To special-teams ace Colt Anderson, who tore his left anterior cruciate ligament on punt coverage in the second quarter, but still limped off the field and into the locker room without any help.
-- To Andy Reid, whose time-management shortcomings boiled to the surface again late in the first half when he failed to use his final timeout prior to Steven Hauschka's 49-yard field goal with 16 seconds left that gave the Seahawks a 17-7 lead. If he had used it, he could have given his offense more than a minute to try and drive down into field goal range.

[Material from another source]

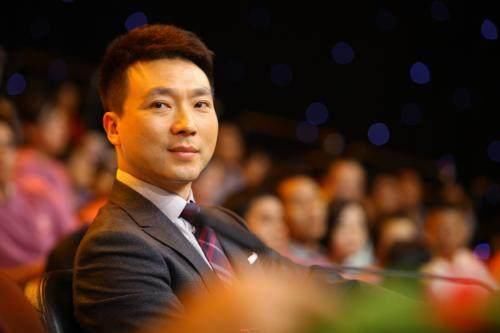 他是央视知名男主持,坚守岗位25年却依旧买不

-- To quarterback Vince Young, who was absolutely awful in last night's loss. If he had hoped to use this season as a launching pad to a starting job with another team next season, he's going to be in a for a big surprise. I understand he didn't sign with the Eagles until right before the start of training camp, but his accuracy problems and his decision-making has been what you'd expect from a rookie not a 6-year veteran.
DID YOU NOTICE?:
-- Offensive lineman King Dunlap was inactive for the third straight game. He was diagnosed with a concussion after the Nov. 13 loss to Arizona and still hasn't been able to pass his concussion test.
-- The Eagles' captains for last night's game were defensive end Darryl Tapp, fullback Owen Schmitt and right guard Danny Watkins. Tapp and Schmitt played for the Seahawks. Watkins is from Kelowna, British Columbia, which is 300 miles from Seattle.
-- The Seahawks were penalized on the first play of the game, getting flagged for an illegal shift when they tried to get a play off before picking up a delay-of-game penalty.
-- Keenan Clayton was used in two-linebacker nickel packages with Jamar Chaney.
-- DeSean Jackson inexplicably let the Seahawks' first punt to him bounce, then called a fair catch on the second one before anyone was close.
-- LeSean McCoy's 20-yard, first-quarter run came out of a two-tight end set with Clay Harbor lined up wide left.
-- The nice block by fullback Owen Schmitt on McCoy's 1-yard touchdown run in the second quarter. Schmitt took out safety Earl Thomas, creating the seam for McCoy.
-- The wham block on left end Jason Babin that opened the interstate-wide lane for Marshawn Lynch on his 40-yard, second-quarter touchdown run.
-- The Eagles lost their best special-teams player, Colt Anderson, to a torn left ACL on a second-quarter punt. Anderson, who is from Montana, had more than 100 friends and family at the game. He limped off the field and into the locker room by himself.
-- Rookie Jaiquawn Jarrett replaced struggling safety Nate Allen in the second quarter, but Allen later returned to the game.
-- The Eagles didn't have a possession in the first half longer than five plays.
-- Andy Reid lost just his second replay challenge of the season in the first quarter when he threw the red hanky on Kam Chancellor's interception of Vince Young. Reid had been 7-for-8 on replay challenges going into the game.
BY THE NUMBERS:
-- In the first half of his three starts, Vince Young has completed only 22 of 48 attempts for 365 yards, one touchdown and four interceptions.
-- The Eagles have lost four of their last six prime-time games, including three of five this season.
-- The loss was only the Eagles' 15th in 50 games in December under Andy Reid. Their 35-15 (.700) December record since 1999 is the second in the league to the Patriots, who are 40-10 (.800).
-- The Eagles are 3-3 on the road this season and 1-5 at home.
-- With two more touchdowns, LeSean McCoy has 15 this season. That's second in franchise history behind only Steve Van Buren, who had 18 in 1945. It was the sixth multitouchdown game of McCoy's career. McCoy has scored a touchdown in 11 of 12 games this season.
-- Riley Cooper had five catches for 94 yards. After not catching any passes in the first nine games, he has 13 receptions for 240 yards in the last three games.
-- Six of the 22 interceptions the Eagles have thrown this season have come on their first or second possessions. They've scored only 38 points on their first and second possessions in 12 games.
-- Jason Babin's first-quarter sack was only his second first-quarter sack of the season.
-- DeSean Jackson has only two 100-yard receiving performances this season and only three in his last 19 starts. He has only one touchdown catch in his last 10 starts and only three in his last 18.
-- LeSean McCoy is averaging 4.76 yards per carry in the first quarter this season and 4.27 in the second quarter.